Brand Strength is the part of our analysis most directly and easily influenced by those responsible for marketing and brand management. In order to determine the strength of a brand we have developed the Brand Strength Index (BSI). We analyse marketing investment, brand equity (the goodwill accumulated with customers, staff and other stakeholders) and finally the impact of those on business performance. Following this analysis, each brand is assigned a BSI score out of 100, which is fed into the brand value calculation. Based on the score, each brand in the league table is assigned a rating between AAA+ and D in a format similar to a credit rating. AAA+ brands are exceptionally strong and well managed while a failing brand would be assigned a D grade.
Brand Finance calculates the values of the brands in its league tables using the ‘Royalty Relief approach’. This approach involves estimating the likely future sales that are attributable to a brand and calculating a royalty rate that would be charged for the use of the brand, i.e. what the owner would have to pay for the use of the brand—assuming it were not already owned.
The steps in this process are as follows:
1 Calculate brand strength on a scale of 0 to 100 based on several attributes such as emotional connection, financial performance and sustainability, among others.

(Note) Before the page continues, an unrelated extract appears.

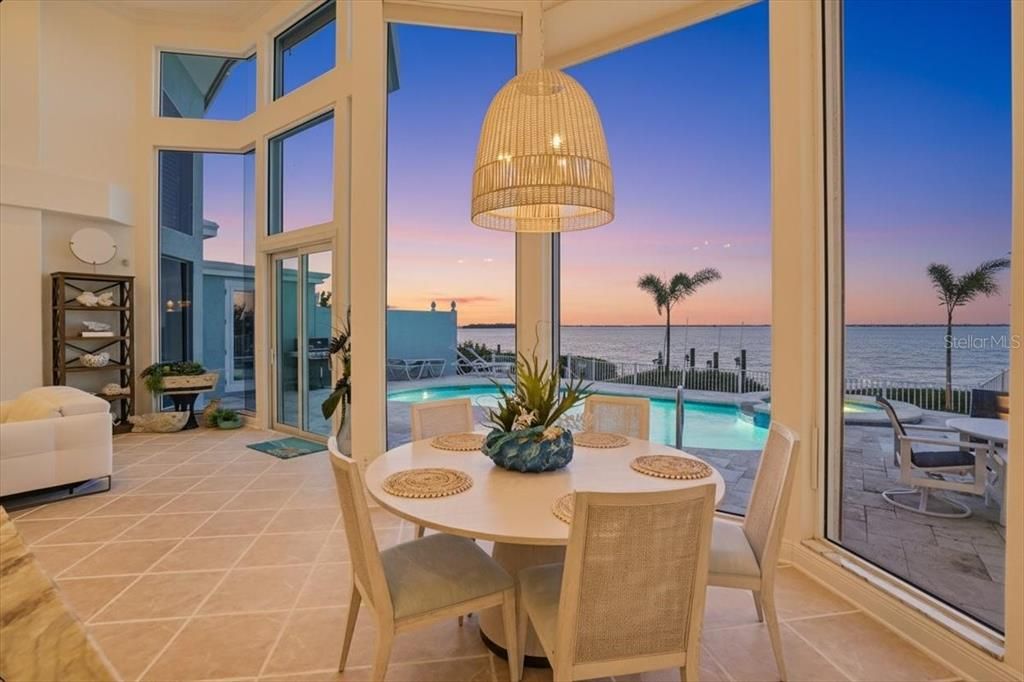 Activo con contrato: $3,600,000 (5 camas, 4 baños, 3732 Pies cuadrados)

This score is known as the Brand Strength Index.
2 Determine the royalty rate range for the respective brand sectors. This is done by reviewing comparable licensing agreements sourced from Brand Finance’s extensive database of license agreements and other online databases.
3 Calculate royalty rate. The brand strength score is applied to the royalty rate range to arrive at a royalty rate. For example, if the royalty rate range in a brand’s sector is 0-5% and a brand has a brand strength score of 80 out of 100, then an appropriate royalty rate for the use of this brand in the given sector will be 4%.
4 Determine brand specific revenues estimating a proportion of parent company revenues attributable to a specific brand.
5 Determine forecast brand specific revenues using a function of historic revenues, equity analyst forecasts and economic growth rates.
6 Apply the royalty rate to the forecast revenues to derive brand revenues.
7 Brand revenues are discounted post tax to a net present value which equals the brand value.